The United Kingdom has been at the forefront of developing the profession and has established the gold standard for genetic counselling, which has been emulated across Europe and worldwide.5, 6 It is also highly valued by patients.7 In 2016, the Genetic Counsellor Registration Board (GCRB); see Figure 2 became accredited by the Professional Standards Authority (PSA); the PSA are an independent organisation, accountable to the UK Parliament, that offers voluntary registration for people working in health and social care.

Figure 2
figure 2

Gevernance structure for the Genetic Counsellor Registration Board (GCRB) UK and ROI.

Also in 2016, the first NHS Scientist Training Programme in genomic counselling began via the National School of Healthcare Science in England. Furthermore, it is anticipated that genetic counsellors will, for the first time, be included in UK national healthcare workforce planning with the aim of ensuring there are enough genetic counsellors being trained in the UK to meet the increasing demands of genomic healthcare.

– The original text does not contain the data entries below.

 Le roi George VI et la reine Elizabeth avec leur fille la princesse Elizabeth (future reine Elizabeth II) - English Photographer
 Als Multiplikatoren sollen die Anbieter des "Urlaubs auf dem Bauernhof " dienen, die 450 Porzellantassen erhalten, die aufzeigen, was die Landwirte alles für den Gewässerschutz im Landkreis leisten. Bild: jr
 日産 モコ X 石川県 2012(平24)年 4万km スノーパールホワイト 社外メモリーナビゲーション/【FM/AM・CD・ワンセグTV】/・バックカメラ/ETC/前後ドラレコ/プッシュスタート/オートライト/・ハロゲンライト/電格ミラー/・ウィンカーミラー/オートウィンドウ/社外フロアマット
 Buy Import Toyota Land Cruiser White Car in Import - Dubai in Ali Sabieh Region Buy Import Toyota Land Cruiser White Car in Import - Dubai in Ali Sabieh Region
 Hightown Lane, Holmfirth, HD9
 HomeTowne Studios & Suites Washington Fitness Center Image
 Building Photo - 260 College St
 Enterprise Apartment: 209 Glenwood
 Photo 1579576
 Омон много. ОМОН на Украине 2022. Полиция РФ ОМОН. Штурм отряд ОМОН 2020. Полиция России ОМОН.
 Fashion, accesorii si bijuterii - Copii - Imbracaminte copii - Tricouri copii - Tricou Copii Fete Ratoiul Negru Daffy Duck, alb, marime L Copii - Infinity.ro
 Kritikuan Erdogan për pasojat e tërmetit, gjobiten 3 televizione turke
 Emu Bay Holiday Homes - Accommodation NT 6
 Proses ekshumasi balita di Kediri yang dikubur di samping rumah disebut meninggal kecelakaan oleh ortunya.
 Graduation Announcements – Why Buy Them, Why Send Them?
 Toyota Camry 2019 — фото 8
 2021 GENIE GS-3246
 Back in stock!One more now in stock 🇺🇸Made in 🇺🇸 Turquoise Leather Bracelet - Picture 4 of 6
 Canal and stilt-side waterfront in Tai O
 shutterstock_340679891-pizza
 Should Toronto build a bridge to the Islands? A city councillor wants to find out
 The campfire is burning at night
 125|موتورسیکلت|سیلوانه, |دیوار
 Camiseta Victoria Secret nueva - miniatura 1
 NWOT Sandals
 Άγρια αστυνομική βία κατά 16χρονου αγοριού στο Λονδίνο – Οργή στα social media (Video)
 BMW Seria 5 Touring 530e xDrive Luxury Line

Genetic counsellors in the United Kingdom and Republic of Ireland are embracing genomic technology and adapting their practise accordingly. They are a highly qualified and skilled workforce in a very strong position to make great contributions to the mainstreaming of genomics. The model of practice for genetic counsellors in the UK should be evaluated so that conclusions can be drawn about the relevance and reproducibility of this in mainland Europe and the rest of the world.